Reproduce exactly the lines of this material that begin at the line with "[5000002] SILLA DUCHA" and end at the line with "Clear Glass Shade", both included. Omit the pictures and everything else.

Data to examine:
☆ ☆ ☆ ☆ ☆
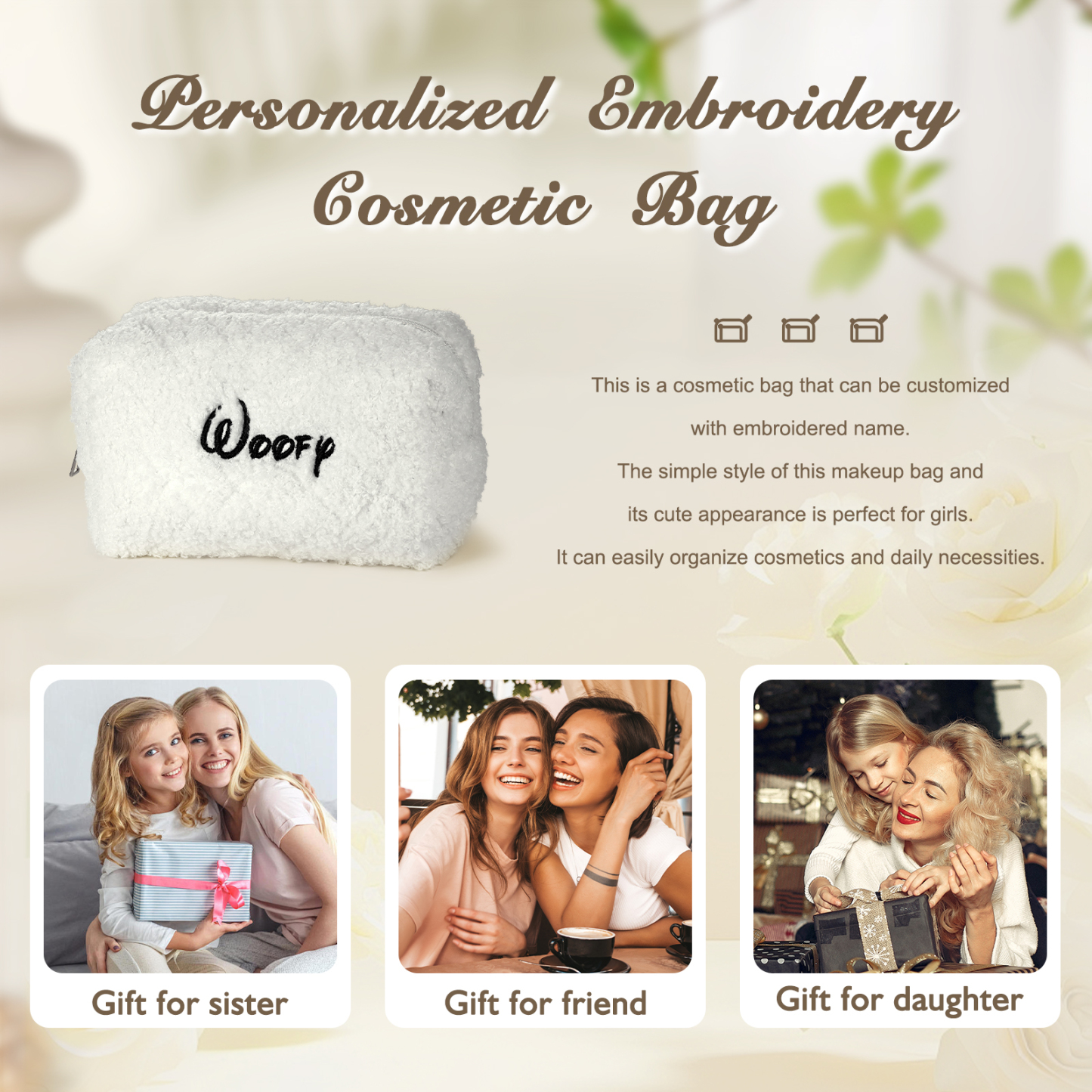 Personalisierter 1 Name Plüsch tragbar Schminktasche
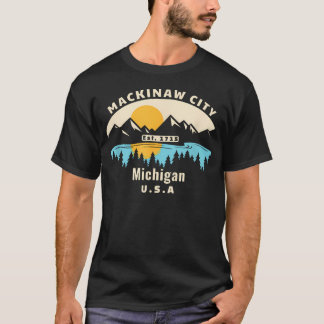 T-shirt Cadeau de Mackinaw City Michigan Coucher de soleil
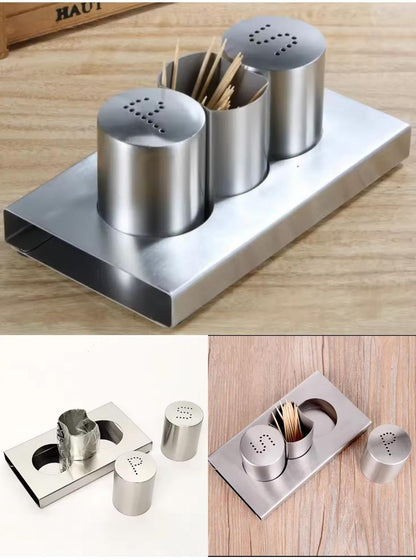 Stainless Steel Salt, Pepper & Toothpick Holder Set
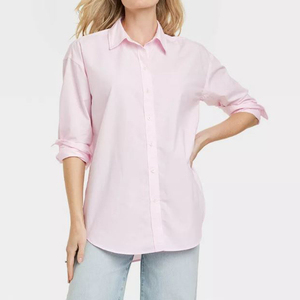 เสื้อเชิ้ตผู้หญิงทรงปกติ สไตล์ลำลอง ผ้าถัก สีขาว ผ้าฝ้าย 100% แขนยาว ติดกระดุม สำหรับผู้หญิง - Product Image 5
☆ ☆ ☆ ☆ ☆
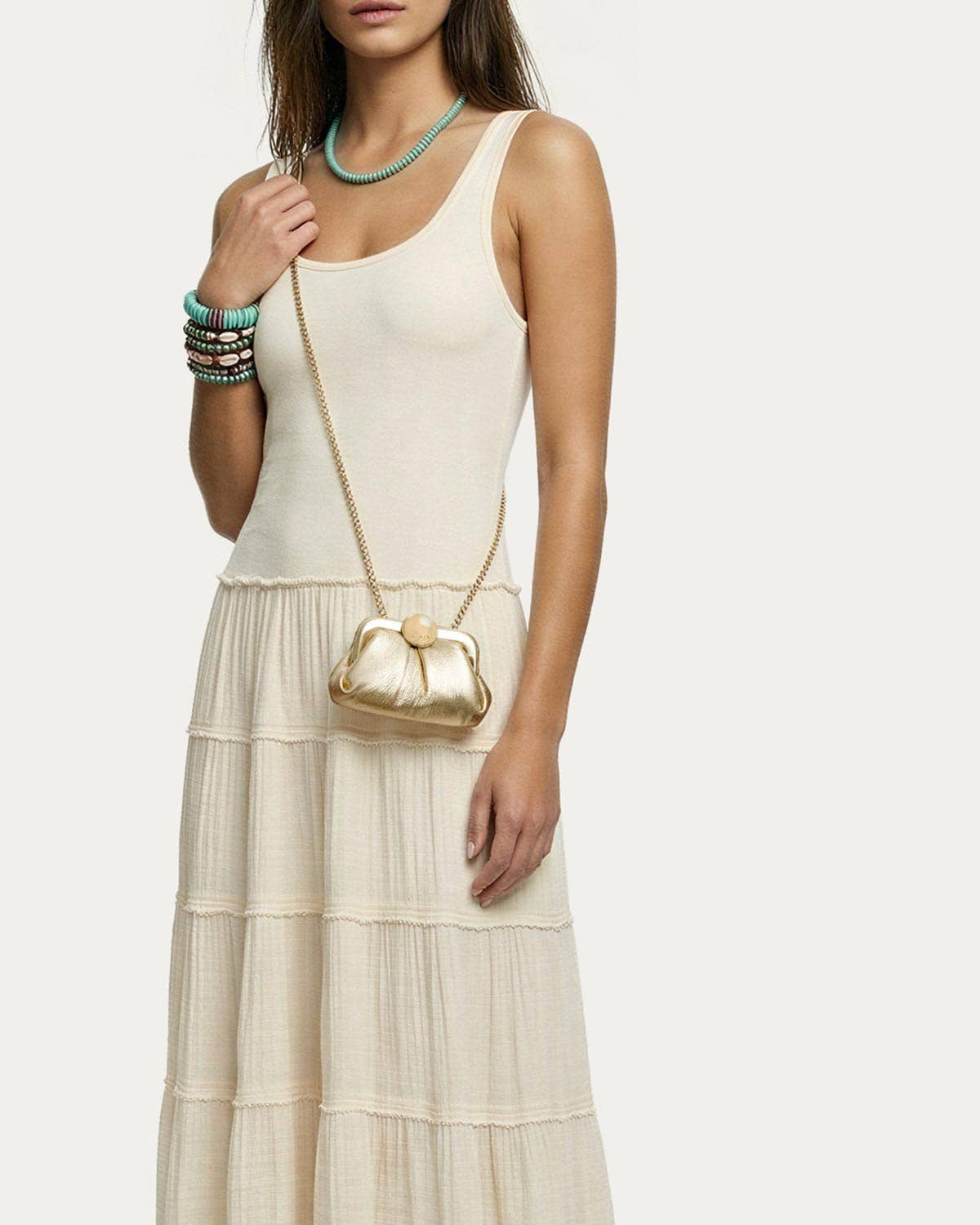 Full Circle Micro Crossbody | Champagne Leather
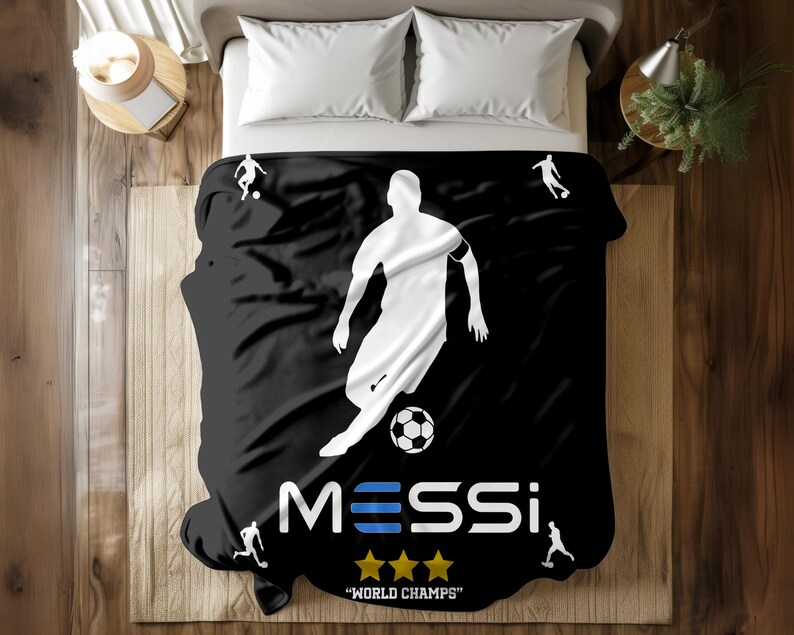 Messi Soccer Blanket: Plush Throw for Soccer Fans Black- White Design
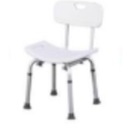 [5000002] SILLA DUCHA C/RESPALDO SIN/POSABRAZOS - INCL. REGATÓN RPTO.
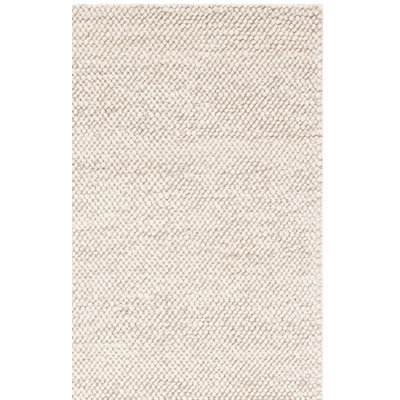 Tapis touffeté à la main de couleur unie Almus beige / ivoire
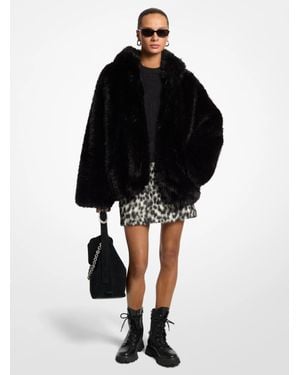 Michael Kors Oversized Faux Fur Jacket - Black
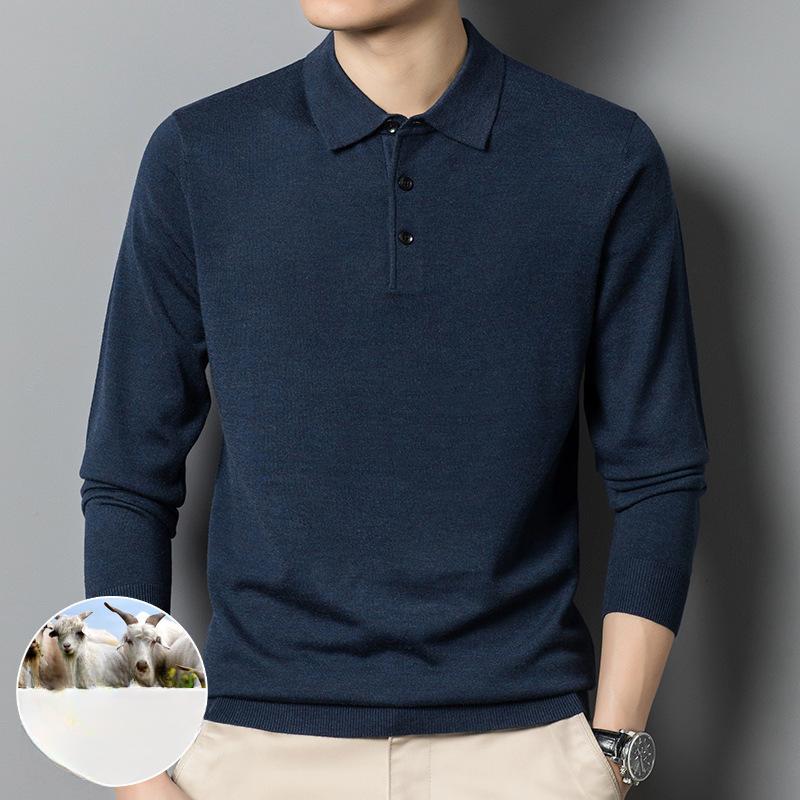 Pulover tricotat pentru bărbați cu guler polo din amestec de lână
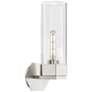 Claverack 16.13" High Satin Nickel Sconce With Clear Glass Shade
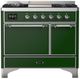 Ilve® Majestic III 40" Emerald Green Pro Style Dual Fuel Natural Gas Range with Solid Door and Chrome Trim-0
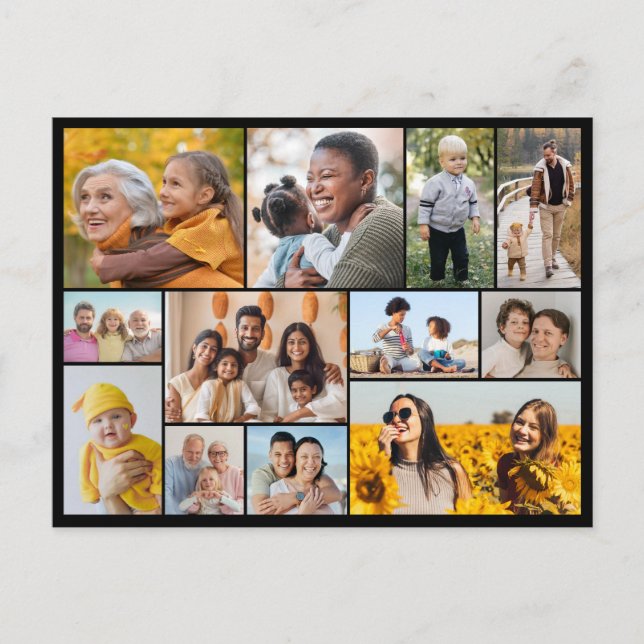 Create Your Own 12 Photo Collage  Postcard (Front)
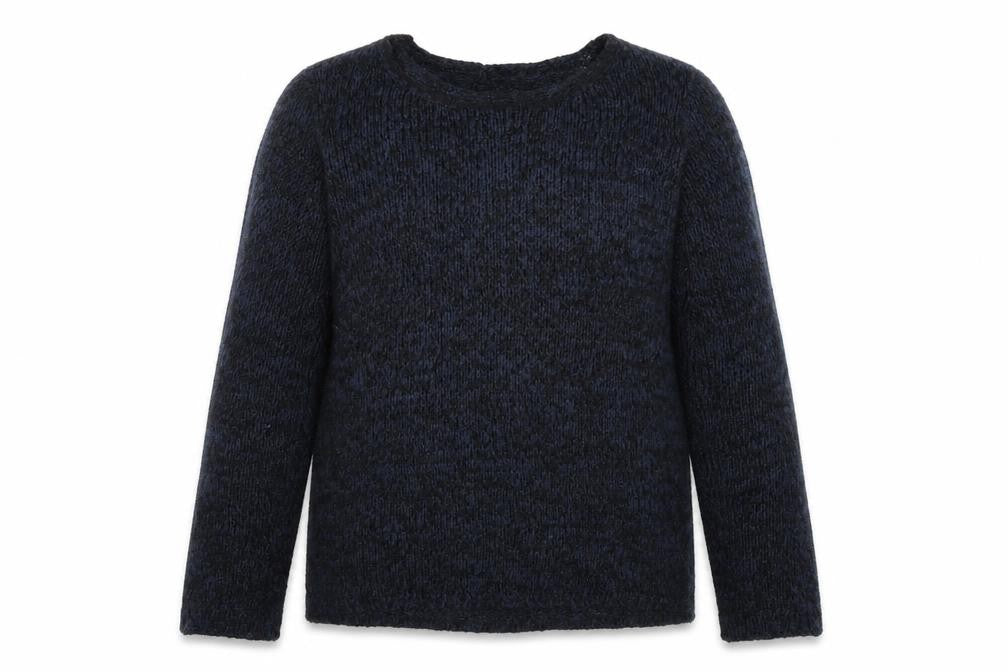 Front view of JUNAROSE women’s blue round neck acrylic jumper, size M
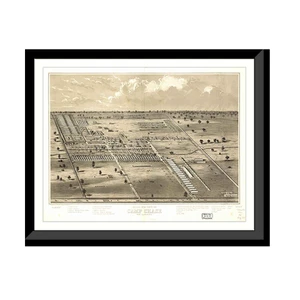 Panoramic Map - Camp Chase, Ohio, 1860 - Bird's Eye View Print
☆ ☆ ☆ ☆ ☆
Exercise result:
 [5000002] SILLA DUCHA C/RESPALDO SIN/POSABRAZOS - INCL. REGATÓN RPTO.
 Tapis touffeté à la main de couleur unie Almus beige / ivoire
 Michael Kors Oversized Faux Fur Jacket - Black
 Pulover tricotat pentru bărbați cu guler polo din amestec de lână
 Claverack 16.13" High Satin Nickel Sconce With Clear Glass Shade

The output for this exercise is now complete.